Seven times explaining to your spouse / partner that it
has happened … again. Seven times talking to your
Bank Manager about deferring mortgage or other payments
while you secure new employment …
So
fair reader, irrespective of your profession, education
and brilliance at your chosen job; acknowledge and respect
the fact that you need to get good at this thing we call
Career Management. If you are reasonably proficient, you
will succeed at one out of every four interviews. Rounding
up, that means if you face the worst-case scenario of seven
enforced changes, you’re going to have to get to,
and sit through, around 30 interviews in your career. Get
good at this!
Career
Management is not an innate talent – you have to learn
how. Nor is it a frivolous luxury – it has become
a necessity. Nor is it a one-off investment of time, effort
and money. You brush your teeth every day so they don’t
look, feel and smell unattractive and so that they don’t
fall out of your head. Do you think that you career could
benefit from a more-than-occasional polish and flossing?
BOGEYMEN
The Bogeyman is the person who is better prepared than you
to compete for the job that you so desperately want (or
need). The Bogeyman is the person who has wanted this job
(not just any old job, but this job) for the past five years.
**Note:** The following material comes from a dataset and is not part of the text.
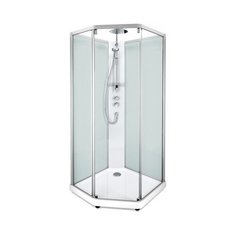 Душевая кабина IDO Showerama 10-5 Pentagonal 90x90 низкий поддон 90см*90см матовый хром/прозрачная/матовая прозрачное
He has been networking, training, educating himself, reading
and researching every day. He doesn’t have friends
– he has contacts. He doesn’t have a family;
just a circle of influence. He doesn’t have a social
life; just more entries in his little black book. His CV
would make you weep. His writing style is so tight, you
wonder why he isn’t making a living as an advertising
copywriter or a Pulitzer Prize-winning journalist.
And
why does he do all this? Just so he can beat you hands-down
for his dream job. He has what my mother used to refer to
as “naughty thoughts” about his dream job. Do
you?
Wouldn’t
it be lovely to walk into an interview with a high degree
of certitude? To know that there is nothing that they can
ask you that you haven’t anticipated and prepared
for. Bogeymen have that surety and the result is that they
are out there, raising the bar and setting the standard
for all of us. Fortunately, Bogeymen are rare; I hope you
never come up against one. More to the point – I hope
that, as a result of refining your approach to managing
your career and any job-hunts you may need (or want) to
undertake, you become the Bogeyman.
FANATICS
The Fanatics that I am talking about are the guys and gals
in the very good suits on the other side of the table. Some
of them used to be Bogeymen. But now they have made it.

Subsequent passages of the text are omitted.